+++ Records to process +++

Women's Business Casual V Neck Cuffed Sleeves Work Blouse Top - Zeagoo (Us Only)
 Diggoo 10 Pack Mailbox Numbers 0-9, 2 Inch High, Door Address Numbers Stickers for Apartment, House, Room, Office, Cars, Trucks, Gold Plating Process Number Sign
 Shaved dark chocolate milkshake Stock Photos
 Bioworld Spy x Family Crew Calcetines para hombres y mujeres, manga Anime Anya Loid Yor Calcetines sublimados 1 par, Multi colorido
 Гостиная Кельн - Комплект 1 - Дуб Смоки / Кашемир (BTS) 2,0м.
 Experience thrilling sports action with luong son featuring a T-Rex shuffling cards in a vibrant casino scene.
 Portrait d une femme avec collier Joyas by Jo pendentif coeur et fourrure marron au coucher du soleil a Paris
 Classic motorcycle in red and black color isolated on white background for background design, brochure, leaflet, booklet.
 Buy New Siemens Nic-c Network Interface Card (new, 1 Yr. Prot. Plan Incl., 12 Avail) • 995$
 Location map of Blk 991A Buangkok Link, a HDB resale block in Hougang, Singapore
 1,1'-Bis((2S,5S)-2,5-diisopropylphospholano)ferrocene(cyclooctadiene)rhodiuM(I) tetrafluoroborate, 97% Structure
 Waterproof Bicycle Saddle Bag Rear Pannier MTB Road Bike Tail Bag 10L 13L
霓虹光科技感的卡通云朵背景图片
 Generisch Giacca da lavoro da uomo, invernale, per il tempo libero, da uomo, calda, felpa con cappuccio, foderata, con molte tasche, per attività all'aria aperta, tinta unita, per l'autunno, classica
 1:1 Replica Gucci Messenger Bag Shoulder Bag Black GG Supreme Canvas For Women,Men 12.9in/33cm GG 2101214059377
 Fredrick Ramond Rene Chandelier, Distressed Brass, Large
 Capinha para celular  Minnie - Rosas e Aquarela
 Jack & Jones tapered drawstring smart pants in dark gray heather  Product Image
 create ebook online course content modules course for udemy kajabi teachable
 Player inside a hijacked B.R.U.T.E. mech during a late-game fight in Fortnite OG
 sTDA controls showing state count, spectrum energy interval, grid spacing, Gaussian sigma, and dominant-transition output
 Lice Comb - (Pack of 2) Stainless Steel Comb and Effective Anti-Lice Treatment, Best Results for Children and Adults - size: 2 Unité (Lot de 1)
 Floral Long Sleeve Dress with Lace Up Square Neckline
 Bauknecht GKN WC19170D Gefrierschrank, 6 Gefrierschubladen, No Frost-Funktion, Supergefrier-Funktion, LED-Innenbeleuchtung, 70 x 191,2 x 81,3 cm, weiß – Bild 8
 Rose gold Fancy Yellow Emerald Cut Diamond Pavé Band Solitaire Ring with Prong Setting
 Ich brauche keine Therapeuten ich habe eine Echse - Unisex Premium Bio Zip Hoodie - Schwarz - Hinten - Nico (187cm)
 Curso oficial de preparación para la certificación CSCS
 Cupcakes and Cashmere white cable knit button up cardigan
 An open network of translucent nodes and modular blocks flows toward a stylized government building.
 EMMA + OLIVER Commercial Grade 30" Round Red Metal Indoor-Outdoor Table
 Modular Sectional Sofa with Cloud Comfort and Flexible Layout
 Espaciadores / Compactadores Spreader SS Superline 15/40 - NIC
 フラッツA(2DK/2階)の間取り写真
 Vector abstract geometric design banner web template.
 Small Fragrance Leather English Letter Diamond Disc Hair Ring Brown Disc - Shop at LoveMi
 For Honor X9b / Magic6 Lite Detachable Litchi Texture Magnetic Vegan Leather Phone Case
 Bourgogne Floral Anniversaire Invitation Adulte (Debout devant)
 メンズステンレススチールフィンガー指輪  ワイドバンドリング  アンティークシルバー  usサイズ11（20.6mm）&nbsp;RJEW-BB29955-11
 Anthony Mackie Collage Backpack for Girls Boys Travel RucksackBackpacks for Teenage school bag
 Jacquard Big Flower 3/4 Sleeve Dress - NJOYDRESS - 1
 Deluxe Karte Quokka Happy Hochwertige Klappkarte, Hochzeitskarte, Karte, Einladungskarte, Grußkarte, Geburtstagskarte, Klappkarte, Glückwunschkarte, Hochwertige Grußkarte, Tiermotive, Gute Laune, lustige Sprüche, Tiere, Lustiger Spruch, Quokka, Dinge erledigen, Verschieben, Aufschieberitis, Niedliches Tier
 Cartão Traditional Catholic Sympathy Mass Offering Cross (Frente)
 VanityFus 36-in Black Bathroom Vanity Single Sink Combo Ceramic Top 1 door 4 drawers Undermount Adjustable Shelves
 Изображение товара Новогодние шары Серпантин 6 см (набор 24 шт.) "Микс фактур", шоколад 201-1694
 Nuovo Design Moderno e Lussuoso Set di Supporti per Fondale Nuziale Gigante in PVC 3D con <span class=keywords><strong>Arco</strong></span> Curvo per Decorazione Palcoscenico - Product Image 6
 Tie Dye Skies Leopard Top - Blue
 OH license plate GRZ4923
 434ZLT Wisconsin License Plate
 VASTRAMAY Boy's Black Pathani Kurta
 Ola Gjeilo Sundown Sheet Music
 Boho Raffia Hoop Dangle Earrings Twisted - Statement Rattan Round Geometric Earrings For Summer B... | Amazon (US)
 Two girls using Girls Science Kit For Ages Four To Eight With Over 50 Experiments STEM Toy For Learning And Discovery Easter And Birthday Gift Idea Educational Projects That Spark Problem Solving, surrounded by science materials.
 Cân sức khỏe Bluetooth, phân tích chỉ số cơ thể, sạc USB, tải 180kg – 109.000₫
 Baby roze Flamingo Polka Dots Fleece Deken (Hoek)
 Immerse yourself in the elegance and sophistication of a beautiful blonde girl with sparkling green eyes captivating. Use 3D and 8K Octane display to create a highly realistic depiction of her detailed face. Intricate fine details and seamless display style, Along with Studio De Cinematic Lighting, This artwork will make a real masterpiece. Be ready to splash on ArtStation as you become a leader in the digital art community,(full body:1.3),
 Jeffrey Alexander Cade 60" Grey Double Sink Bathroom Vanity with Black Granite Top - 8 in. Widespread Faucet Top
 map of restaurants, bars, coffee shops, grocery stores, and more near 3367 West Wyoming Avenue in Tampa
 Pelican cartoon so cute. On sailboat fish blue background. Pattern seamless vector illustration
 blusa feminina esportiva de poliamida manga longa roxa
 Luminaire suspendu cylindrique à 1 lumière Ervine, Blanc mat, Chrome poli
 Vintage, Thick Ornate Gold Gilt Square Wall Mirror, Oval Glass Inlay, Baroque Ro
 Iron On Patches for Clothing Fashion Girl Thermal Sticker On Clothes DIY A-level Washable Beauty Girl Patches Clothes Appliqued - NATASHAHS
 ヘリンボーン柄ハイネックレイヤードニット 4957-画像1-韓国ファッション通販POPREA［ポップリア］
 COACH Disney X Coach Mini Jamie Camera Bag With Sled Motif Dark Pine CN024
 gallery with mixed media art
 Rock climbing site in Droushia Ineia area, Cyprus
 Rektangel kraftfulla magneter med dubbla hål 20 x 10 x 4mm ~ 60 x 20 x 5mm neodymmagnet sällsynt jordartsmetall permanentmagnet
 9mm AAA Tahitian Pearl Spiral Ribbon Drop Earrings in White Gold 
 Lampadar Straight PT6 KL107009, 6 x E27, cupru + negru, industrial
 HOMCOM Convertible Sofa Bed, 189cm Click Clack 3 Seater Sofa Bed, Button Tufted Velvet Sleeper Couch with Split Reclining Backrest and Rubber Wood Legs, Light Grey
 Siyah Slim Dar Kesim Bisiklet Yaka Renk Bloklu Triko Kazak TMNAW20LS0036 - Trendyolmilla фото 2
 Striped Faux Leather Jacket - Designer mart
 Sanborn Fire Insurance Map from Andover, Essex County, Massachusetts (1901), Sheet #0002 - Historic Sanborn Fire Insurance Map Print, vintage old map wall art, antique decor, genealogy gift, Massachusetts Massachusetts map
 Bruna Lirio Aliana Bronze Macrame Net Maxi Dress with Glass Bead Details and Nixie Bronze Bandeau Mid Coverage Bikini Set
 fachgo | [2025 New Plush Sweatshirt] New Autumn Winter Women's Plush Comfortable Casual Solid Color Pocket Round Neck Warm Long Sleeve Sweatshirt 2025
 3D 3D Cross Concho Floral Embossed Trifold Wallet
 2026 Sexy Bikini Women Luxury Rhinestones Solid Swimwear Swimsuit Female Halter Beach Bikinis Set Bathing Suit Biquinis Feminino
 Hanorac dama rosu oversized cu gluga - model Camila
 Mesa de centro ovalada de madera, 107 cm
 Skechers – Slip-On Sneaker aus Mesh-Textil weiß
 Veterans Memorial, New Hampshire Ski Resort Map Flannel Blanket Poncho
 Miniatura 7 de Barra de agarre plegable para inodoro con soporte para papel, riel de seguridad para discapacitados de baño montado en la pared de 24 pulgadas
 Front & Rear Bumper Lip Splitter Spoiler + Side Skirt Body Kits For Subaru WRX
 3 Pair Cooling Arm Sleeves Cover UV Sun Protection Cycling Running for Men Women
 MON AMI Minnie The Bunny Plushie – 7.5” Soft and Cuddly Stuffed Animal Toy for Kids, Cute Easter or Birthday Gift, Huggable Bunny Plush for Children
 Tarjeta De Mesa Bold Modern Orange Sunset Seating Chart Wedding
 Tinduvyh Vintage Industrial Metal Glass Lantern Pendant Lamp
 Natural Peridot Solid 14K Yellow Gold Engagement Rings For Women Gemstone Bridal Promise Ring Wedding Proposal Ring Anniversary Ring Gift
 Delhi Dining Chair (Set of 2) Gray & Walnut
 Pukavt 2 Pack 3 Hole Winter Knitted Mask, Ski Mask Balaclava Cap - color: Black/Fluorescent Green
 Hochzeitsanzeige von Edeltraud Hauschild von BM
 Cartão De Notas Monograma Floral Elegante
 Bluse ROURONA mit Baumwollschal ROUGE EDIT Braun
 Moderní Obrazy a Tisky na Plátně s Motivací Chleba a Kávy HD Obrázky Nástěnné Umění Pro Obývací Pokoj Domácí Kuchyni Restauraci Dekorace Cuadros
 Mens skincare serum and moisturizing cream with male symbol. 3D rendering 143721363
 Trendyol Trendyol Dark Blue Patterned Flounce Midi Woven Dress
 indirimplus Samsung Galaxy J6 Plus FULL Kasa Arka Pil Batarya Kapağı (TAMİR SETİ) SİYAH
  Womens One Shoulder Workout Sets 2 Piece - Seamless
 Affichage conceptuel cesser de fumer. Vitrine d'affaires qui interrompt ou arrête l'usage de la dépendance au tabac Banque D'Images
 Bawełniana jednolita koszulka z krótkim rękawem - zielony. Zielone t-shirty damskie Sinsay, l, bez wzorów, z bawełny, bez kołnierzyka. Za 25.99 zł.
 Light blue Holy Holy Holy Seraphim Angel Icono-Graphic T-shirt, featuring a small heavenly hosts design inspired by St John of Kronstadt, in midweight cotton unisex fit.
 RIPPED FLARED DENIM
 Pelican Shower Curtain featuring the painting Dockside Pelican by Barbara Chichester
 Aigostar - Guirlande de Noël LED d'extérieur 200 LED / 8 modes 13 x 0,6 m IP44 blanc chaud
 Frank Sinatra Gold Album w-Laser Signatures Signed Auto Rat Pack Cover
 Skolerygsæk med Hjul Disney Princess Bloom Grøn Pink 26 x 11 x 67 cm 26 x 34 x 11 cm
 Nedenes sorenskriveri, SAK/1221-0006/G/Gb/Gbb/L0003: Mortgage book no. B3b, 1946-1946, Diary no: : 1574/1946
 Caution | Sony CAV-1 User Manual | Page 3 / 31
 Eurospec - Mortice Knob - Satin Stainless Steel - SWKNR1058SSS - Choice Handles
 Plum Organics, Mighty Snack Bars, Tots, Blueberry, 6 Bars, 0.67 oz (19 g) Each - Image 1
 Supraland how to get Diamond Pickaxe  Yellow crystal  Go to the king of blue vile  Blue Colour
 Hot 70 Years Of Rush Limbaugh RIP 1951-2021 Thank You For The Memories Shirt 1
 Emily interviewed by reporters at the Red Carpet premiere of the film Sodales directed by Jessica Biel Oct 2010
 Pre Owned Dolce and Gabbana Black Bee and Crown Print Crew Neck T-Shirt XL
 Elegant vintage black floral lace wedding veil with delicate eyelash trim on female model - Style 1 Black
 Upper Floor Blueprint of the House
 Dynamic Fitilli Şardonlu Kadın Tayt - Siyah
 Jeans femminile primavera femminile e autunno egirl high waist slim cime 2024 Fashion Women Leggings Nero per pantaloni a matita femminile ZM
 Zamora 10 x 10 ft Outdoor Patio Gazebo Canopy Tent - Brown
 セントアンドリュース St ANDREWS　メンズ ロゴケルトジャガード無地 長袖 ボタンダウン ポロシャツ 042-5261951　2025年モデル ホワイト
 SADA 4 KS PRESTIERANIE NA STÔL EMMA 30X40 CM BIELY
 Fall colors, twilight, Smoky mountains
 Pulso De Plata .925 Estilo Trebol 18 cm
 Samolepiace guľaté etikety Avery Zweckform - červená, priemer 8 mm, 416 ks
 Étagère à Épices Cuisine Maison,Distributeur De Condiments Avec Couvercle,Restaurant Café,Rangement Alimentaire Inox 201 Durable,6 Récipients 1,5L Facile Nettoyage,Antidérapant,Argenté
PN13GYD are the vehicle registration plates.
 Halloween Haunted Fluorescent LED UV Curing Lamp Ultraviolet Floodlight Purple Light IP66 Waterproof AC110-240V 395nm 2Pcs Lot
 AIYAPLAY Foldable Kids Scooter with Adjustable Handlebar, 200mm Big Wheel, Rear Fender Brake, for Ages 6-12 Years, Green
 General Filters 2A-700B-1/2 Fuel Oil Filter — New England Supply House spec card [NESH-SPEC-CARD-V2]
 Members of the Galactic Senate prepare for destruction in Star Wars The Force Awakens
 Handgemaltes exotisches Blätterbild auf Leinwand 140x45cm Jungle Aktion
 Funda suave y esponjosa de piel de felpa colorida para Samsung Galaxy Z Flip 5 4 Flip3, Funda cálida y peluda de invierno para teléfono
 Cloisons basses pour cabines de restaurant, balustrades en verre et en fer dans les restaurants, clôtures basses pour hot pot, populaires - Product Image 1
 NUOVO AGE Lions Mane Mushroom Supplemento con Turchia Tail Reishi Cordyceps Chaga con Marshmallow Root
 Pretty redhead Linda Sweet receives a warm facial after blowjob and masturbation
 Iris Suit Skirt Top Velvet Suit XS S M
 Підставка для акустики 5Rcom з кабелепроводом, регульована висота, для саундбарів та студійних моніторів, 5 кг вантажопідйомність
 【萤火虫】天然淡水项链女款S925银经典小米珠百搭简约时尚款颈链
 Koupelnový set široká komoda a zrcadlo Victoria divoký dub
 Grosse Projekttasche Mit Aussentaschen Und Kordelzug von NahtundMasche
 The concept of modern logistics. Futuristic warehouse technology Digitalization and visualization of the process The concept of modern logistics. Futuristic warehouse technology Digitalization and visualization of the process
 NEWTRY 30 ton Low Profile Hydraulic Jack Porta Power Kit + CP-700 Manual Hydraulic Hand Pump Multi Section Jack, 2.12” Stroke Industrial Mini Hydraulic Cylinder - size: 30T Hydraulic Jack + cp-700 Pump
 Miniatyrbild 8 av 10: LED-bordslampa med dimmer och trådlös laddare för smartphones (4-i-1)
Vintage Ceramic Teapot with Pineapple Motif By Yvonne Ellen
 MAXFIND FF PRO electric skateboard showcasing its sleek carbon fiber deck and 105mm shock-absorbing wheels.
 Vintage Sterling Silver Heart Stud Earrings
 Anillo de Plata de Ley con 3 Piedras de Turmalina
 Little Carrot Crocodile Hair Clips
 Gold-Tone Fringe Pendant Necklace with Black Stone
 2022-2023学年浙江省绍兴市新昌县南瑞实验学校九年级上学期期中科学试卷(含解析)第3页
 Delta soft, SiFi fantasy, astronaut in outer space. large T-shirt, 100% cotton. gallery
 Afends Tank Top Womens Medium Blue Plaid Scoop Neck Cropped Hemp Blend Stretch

+++

• [Work instructions]
Copy exactly the lines from the top of the entries through the line with "Experience thrilling sports" in it, please, keeping both ends and adding nothing.

• [Response for this exercise]
Women's Business Casual V Neck Cuffed Sleeves Work Blouse Top - Zeagoo (Us Only)
 Diggoo 10 Pack Mailbox Numbers 0-9, 2 Inch High, Door Address Numbers Stickers for Apartment, House, Room, Office, Cars, Trucks, Gold Plating Process Number Sign
 Shaved dark chocolate milkshake Stock Photos
 Bioworld Spy x Family Crew Calcetines para hombres y mujeres, manga Anime Anya Loid Yor Calcetines sublimados 1 par, Multi colorido
 Гостиная Кельн - Комплект 1 - Дуб Смоки / Кашемир (BTS) 2,0м.
 Experience thrilling sports action with luong son featuring a T-Rex shuffling cards in a vibrant casino scene.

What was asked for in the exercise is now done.